* Data excerpts:

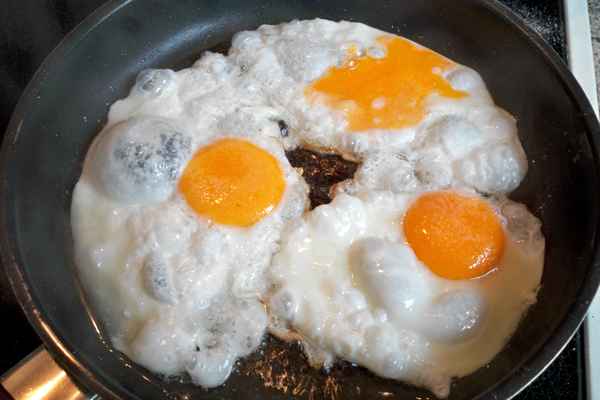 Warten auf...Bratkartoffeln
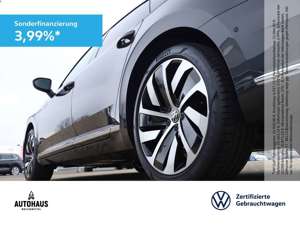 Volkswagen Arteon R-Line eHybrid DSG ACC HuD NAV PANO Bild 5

--

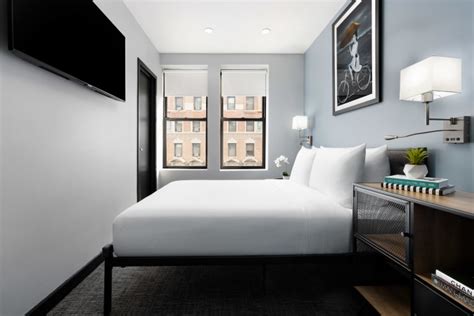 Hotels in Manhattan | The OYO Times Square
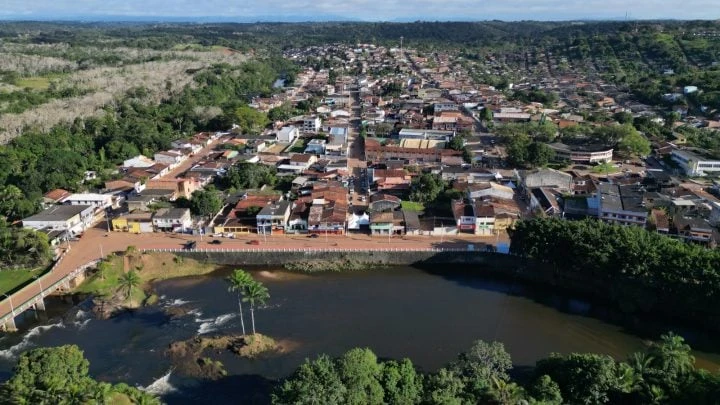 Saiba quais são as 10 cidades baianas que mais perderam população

--

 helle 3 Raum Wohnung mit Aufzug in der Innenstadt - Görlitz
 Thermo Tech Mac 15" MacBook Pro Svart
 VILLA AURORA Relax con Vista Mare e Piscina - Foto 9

* What the task asks: Look above for the line containing "Warten auf...Bratkartoffeln", then write out every line from there down to the line containing "Volkswagen Arteon R-Line", that line included, with no pictures.

* Task response:
 Warten auf...Bratkartoffeln
 Volkswagen Arteon R-Line eHybrid DSG ACC HuD NAV PANO Bild 5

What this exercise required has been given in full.